Can our forests survive the next drought?

UC Merced researchers have evidence that California’s forests are especially vulnerable to multi-year droughts because their health depends on water stored several feet below ground.

“Each year our forests, grasslands and shrublands depend on water stored underground to survive the dry summers, but during multi-year dry periods there is not enough precipitation in the wet winter season to replenish that supply,” said Joseph Rungee, UC Merced graduate student and lead author on a new paper published in the journal Hydrological Processes.

Trees typically need about the same amount of water every year — more in hotter years. During a drought, that subsurface store of water is gradually depleted, causing stress to trees and other vegetation. If the drought is long enough and especially hot, as was the case from fall 2011 through 2015, large numbers of trees run out of water and die.

By analyzing data from the National Science Foundation’s network of Critical Zone Observatories, Rungee worked with UC Merced professor Roger Bales, with the School of Engineering and the Sierra Nevada Research Institute, to get a better understanding of where and to what extent the below-ground weathered bedrock provides multi-year drought resilience. The researchers delved into data from sites across the semi-arid West to determine the amount of water storage available in the root zones of different areas.

Bales, Rungee and their colleagues wanted to know how dependent different areas in the West are on that subsurface water storage and how many dry years the plants can survive.

Some areas will be able to tolerate one or two years, while others can weather five or six. However, when the weather is hotter, the plants need more water to live, and the climate is getting warmer.

Bales explained that areas with Mediterranean climate, such as California, are especially vulnerable because of their climate variability, even though they have considerable subsurface storage.

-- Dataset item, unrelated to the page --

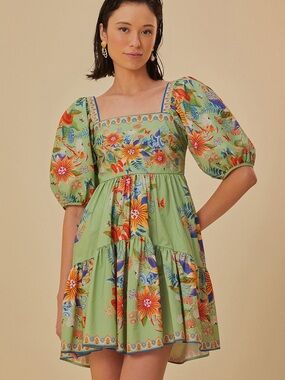 Farm Rio Green Bright Yard Mini Dress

Areas with year-round precipitation, such as Colorado, are vulnerable, too, because they have less subsurface storage, even though their year-to-year precipitation is less variable than California’s.

“Usually the year-round precipitation would see those areas through drought years, but longer, hotter droughts are going to pose more problems,” Bales said.

“In some ways we’re more vulnerable than areas with year-round precipitation because we depend on the storage so much,” he said. “In California, more than half of the water use by forests, grasslands and shrublands comes during the dry season, and it comes from water stored in the root zone after rainfall and snowmelt end in spring.”

In contrast, less than one-third of water used by vegetation at sites they studied in Colorado, New Mexico and Arizona was drawn from subsurface storage during dry periods.

“Our wet seasons are getting shorter, which means that the dry seasons are getting longer and drier — we’re getting less snow than rain — and the wet seasons are warmer, meaning the stored water gets used earlier in the year, leaving less for the hottest parts of the year,” Bales said.

At one southern Sierra forested site, Rungee determined that the amount of water that trees drew from below ground during the 2011-15 drought is equivalent to that stored down to a depth of at least 25 feet below ground.

One next step is to extend the calculations done by Rungee at research sites across the West, where the water balance can be accurately measured using satellite data, calibrated with detailed ground data.

“This will provide a projection of relative drought vulnerability, which is especially of interest to land managers who need to prioritize where to thin overstocked forests before they suffer further widespread tree mortality during the next multi-year drought,” Rungee explained.

The key to forests surviving the next drought is to strike a balance between water use by the forest and the amount of over-year subsurface water storage that is available to make up for low precipitation during drought years.

“In some areas, this means thinning overstocked forests to prevent further tree mortality,” Bales said.